# To do
Under this line is a listing; return exactly the lines starting at the one with "Mercedes-Benz C63 Gajao S10 für GTA 4" and running down to the one with "2019 NISSAN PATHFINDER", and leave out its pictures.

# Information shown

____

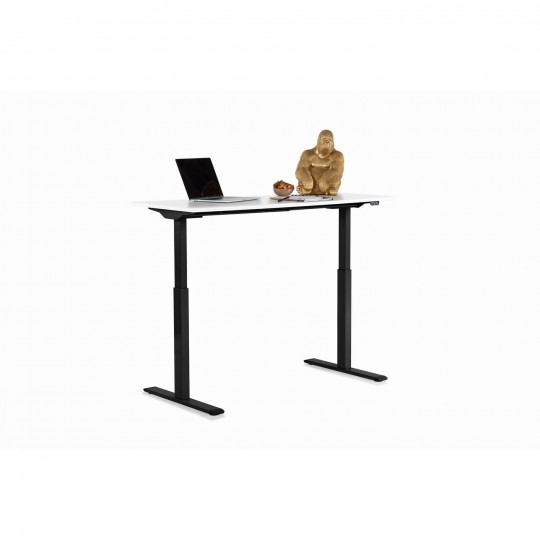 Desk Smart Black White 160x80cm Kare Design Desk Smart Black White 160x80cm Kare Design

____

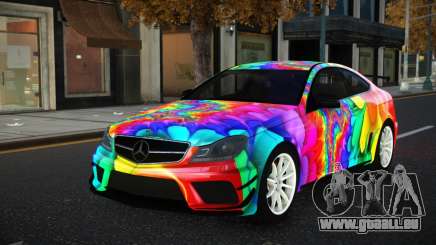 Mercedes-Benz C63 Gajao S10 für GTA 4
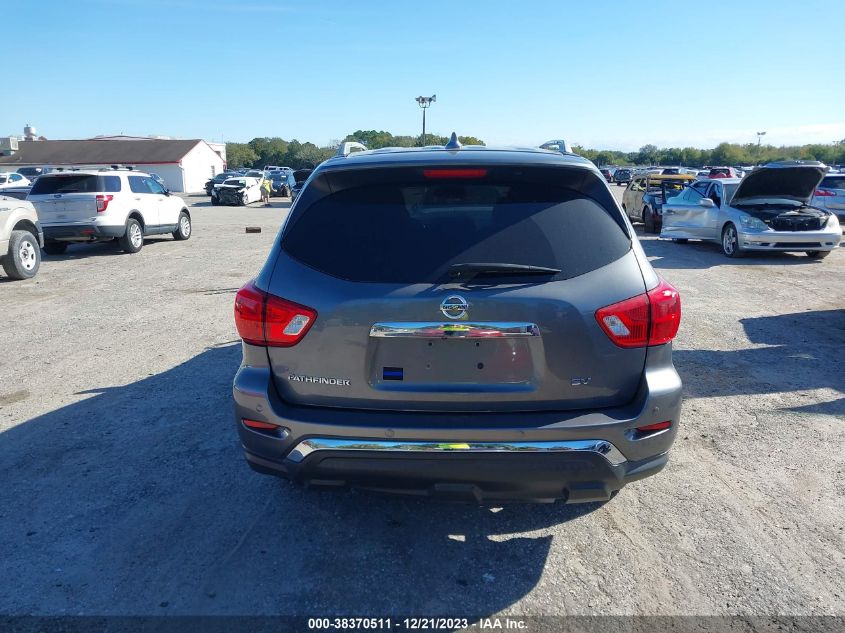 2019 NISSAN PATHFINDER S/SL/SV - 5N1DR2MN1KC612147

____

# Answer for the task
 Mercedes-Benz C63 Gajao S10 für GTA 4
 2019 NISSAN PATHFINDER S/SL/SV - 5N1DR2MN1KC612147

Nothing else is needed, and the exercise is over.